| Issue |
A&A
Volume 700, August 2025
|
|
|---|---|---|
| Article Number | A239 | |
| Number of page(s) | 13 | |
| Section | Planets, planetary systems, and small bodies | |
| DOI | https://doi.org/10.1051/0004-6361/202451594 | |
| Published online | 21 August 2025 | |
Exocomets of β Pictoris
I. Exocomet destruction, sodium absorption and disk line variability in 17 years of HARPS observations
Lund Observatory, Division of Astrophysics, Department of Physics, Lund University,
Box 118,
221 00
Lund,
Sweden
★ Corresponding author.
Received:
21
July
2024
Accepted:
26
May
2025
Context. The young β Pictoris system has been monitored with high-resolution optical spectrographs for decades. These observations have revealed strongly variable stochastic absorption in the Ca II H&K lines attributed to infalling cometary bodies.
Aims. Since 2003, over 9000 HARPS observations of β Pictoris have been taken, and many of these have not yet been used for exocomet studies. We aim to search these spectra for new exocomet phenomenology enabled by the long-time coverage and large volume of this dataset.
Methods. We systematically carried out telluric correction of the HARPS spectra using molecfit, compared multiyear observations at the wavelengths of the Ca II and Na I lines, and used a Bayesian fitting algorithm to extract exocomet line parameters. We explored the usage of an unbiased reference spectrum with which to calibrate the continuum and investigate Keplerian orbital solutions to observed exocomet acceleration.

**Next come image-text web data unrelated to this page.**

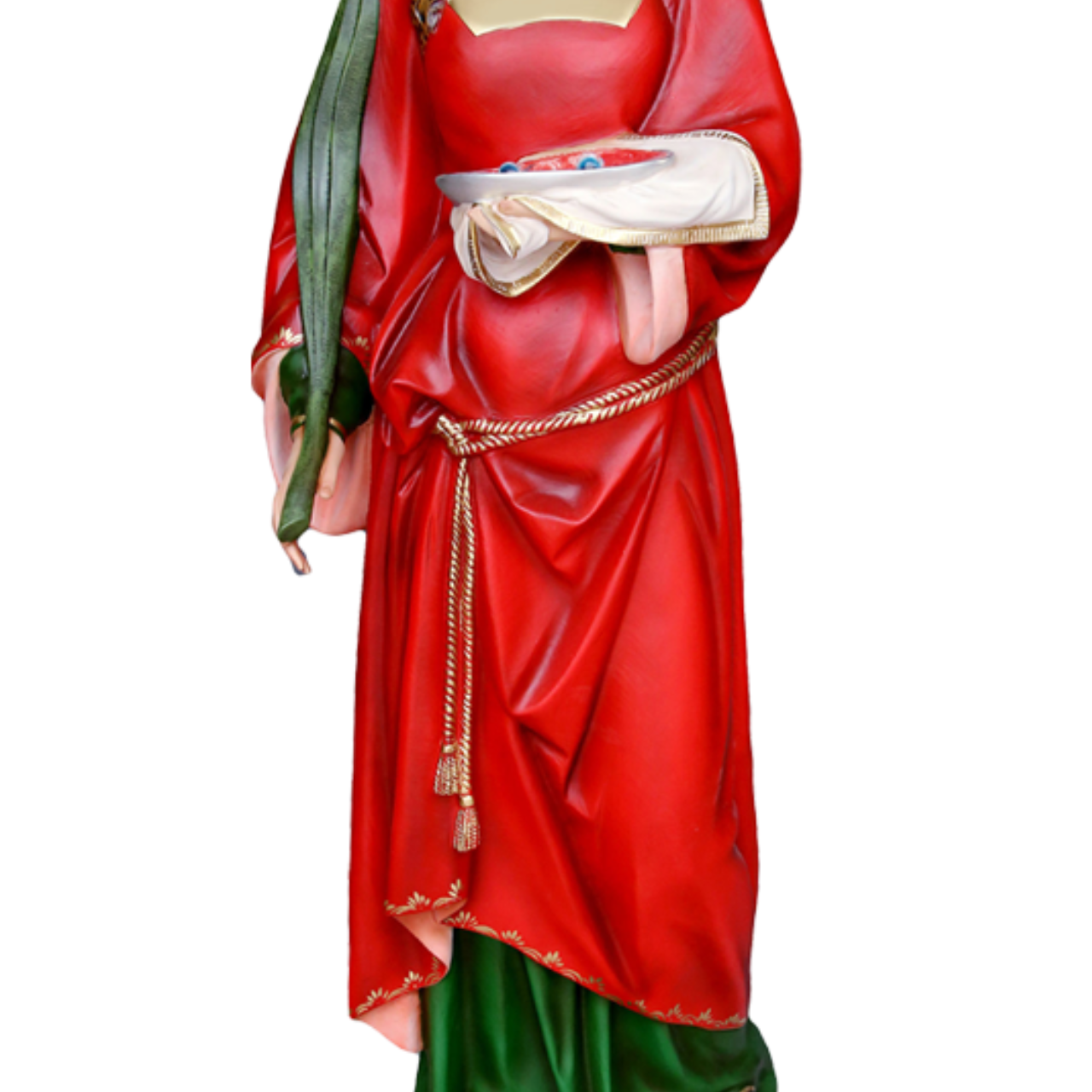 Statua Santa Lucia 155 cm in Vetroresina
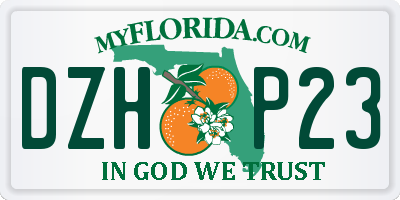 FL license plate DZHP23
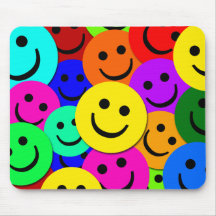COLLAGE DE LOS SMILEY TAPETE DE RATÓN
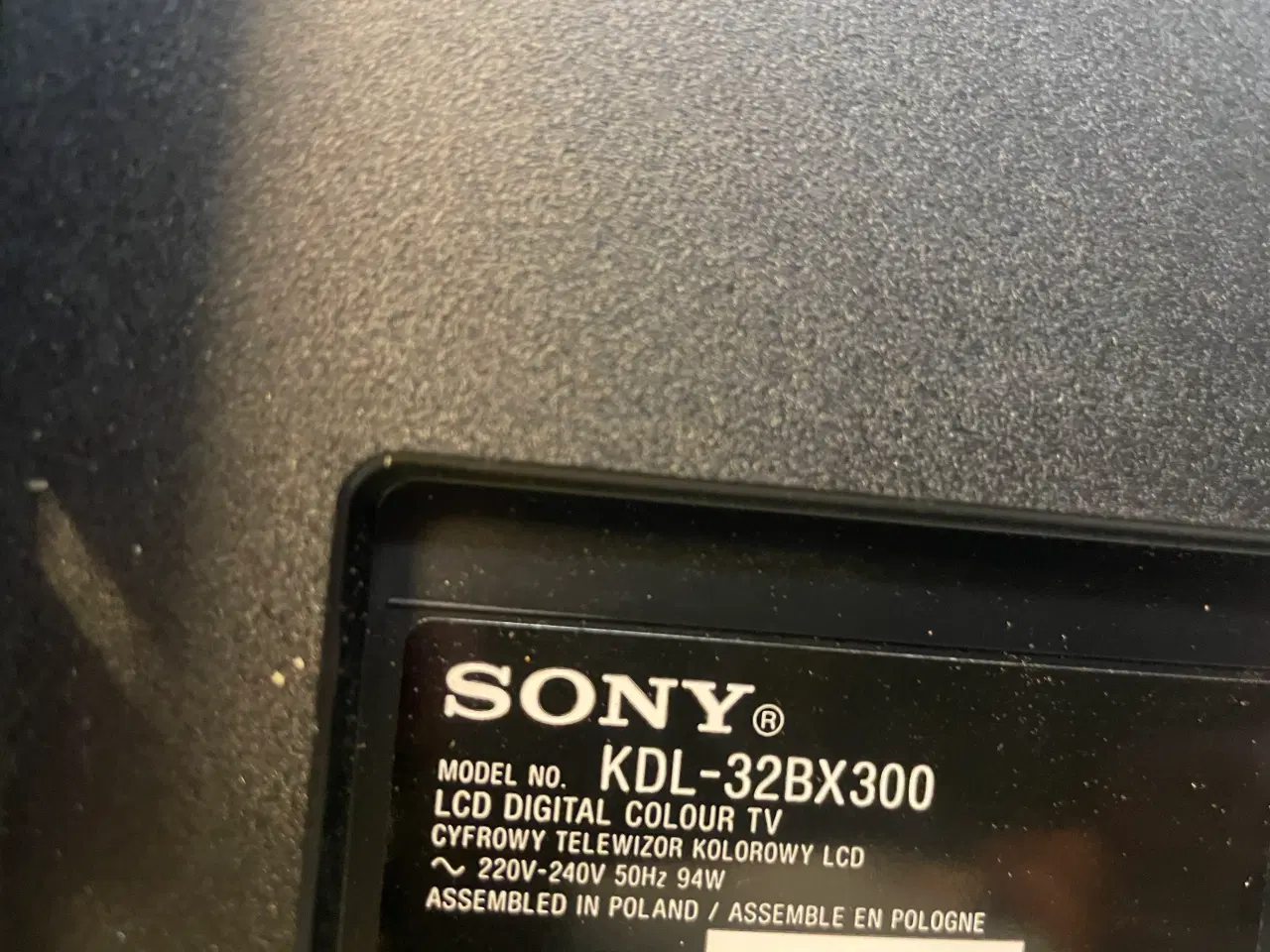 Billede 6 - Fint 32 tommer Sony TV med fjernbetjening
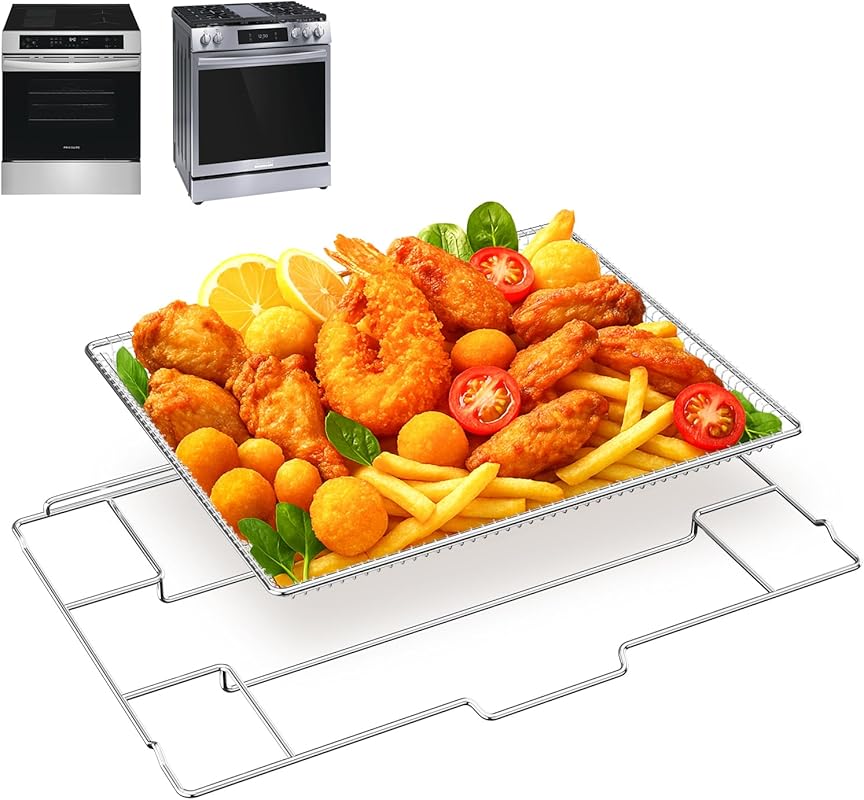 Universal Stainless Steel Air Fryer Basket & Tray for Frigidaire, Aman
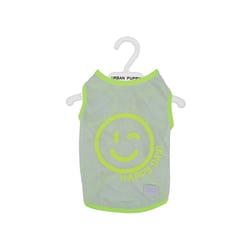 Regata Urban Puppy Smile Fluor Amarelo Para Cães - 1 Unidade - Tamanho 10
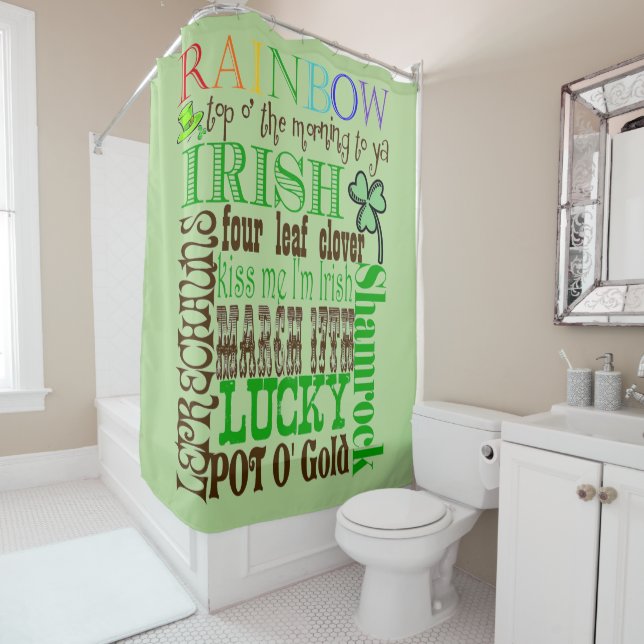 All Things Irish Shower Curtain (In Situ)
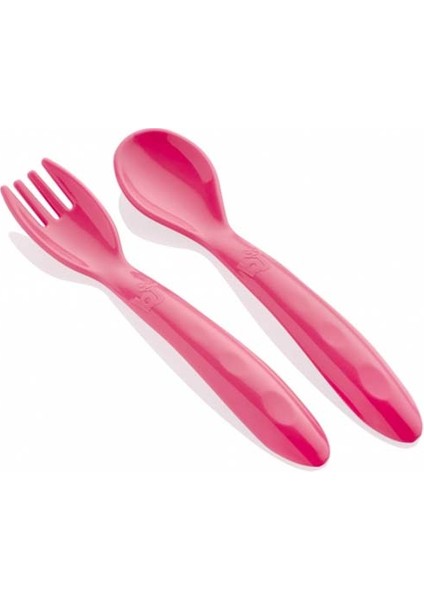 Mama Kaşık Çatal Takımı - Pembe Bebek %0 Bpa Free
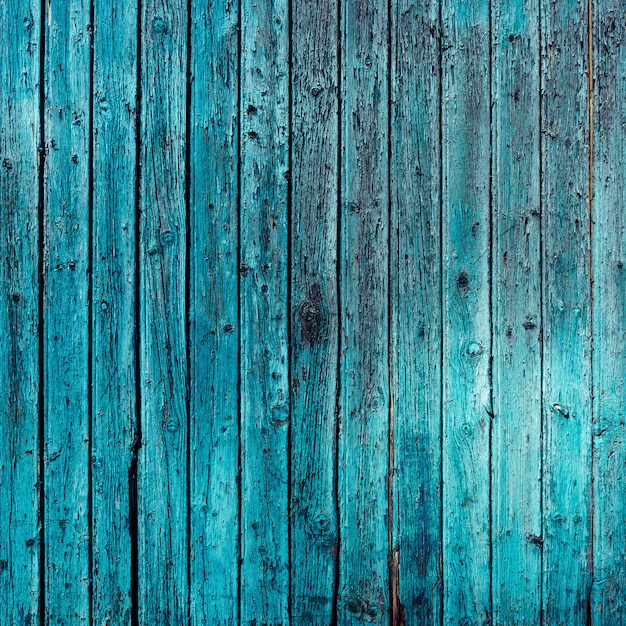 Antique turquoise wood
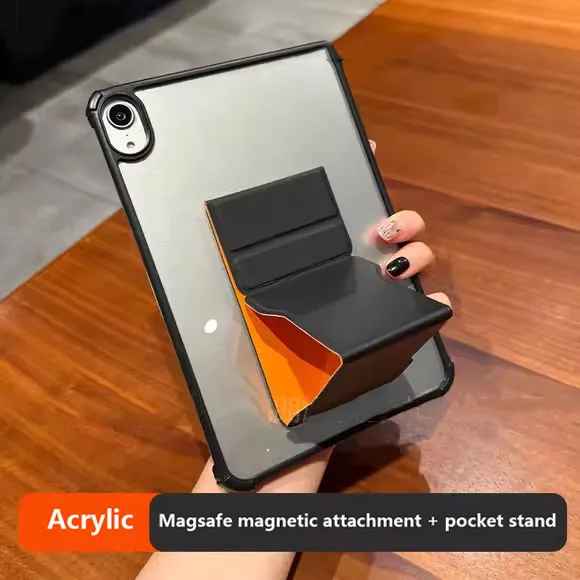 

Acrylic Case For iPad Pro 11 11th A16 2025 Air 11 7 6 5 Pro 13 12.9 10th 10.9 10.2 Air 13 Mini 7 6 Magnetic Pocket Holder Cover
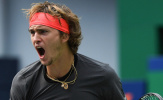 Zverev khiến cậu bé nhặt bóng sợ hãi vì màn ăn mừng ở Shanghai Masters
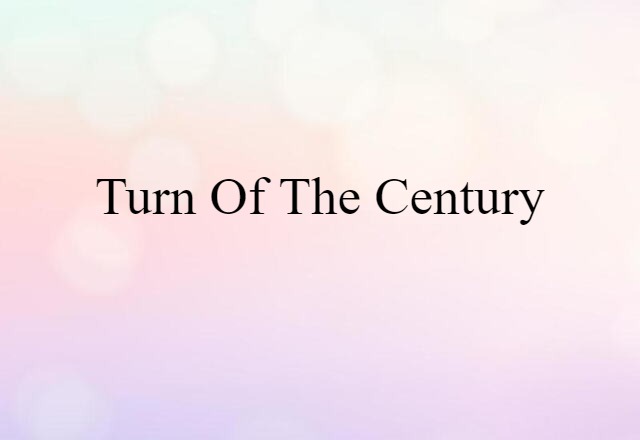 Turn Of The Century (noun) Definition, Meaning & Examples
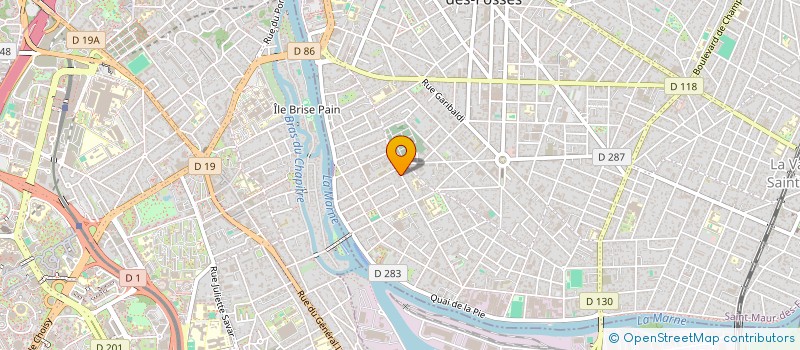 localisation de l'entreprise IND HAMMOUCHE - DETTVILLER à SAINT-MAUR-DES-FOSSES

Results. We find a general absence of exocometary sodium line absorption, with only two instances of clear (~2% deep) exocometary sodium out of 198 nights of observation, as well as a weaker (~1%) feature that persists over 13 nights in 2004. We find that these events occur during times of exceptionally deep Ca II absorption, at the same redshift, implying that strongly Ca II-evaporating exocomets also exhibit detectable levels of Na I, in spite of the vast majority of Na I being rapidly photoionized in close proximity to the star. We find long-lived CaII absorption in 2017 and 2018 that persists on a timescale of a year, which may be difficult to explain with the classical exocomet model. Lastly, we investigated two strongly accelerating, blueshifted exocomet features observed in 2019 that show strong and sudden departures from Keplerian motion, suggesting rapid changes to the dynamics of the exocomet cloud. We hypothesize that this is caused by the destruction of the comet nuclei shortly after their periastron passages.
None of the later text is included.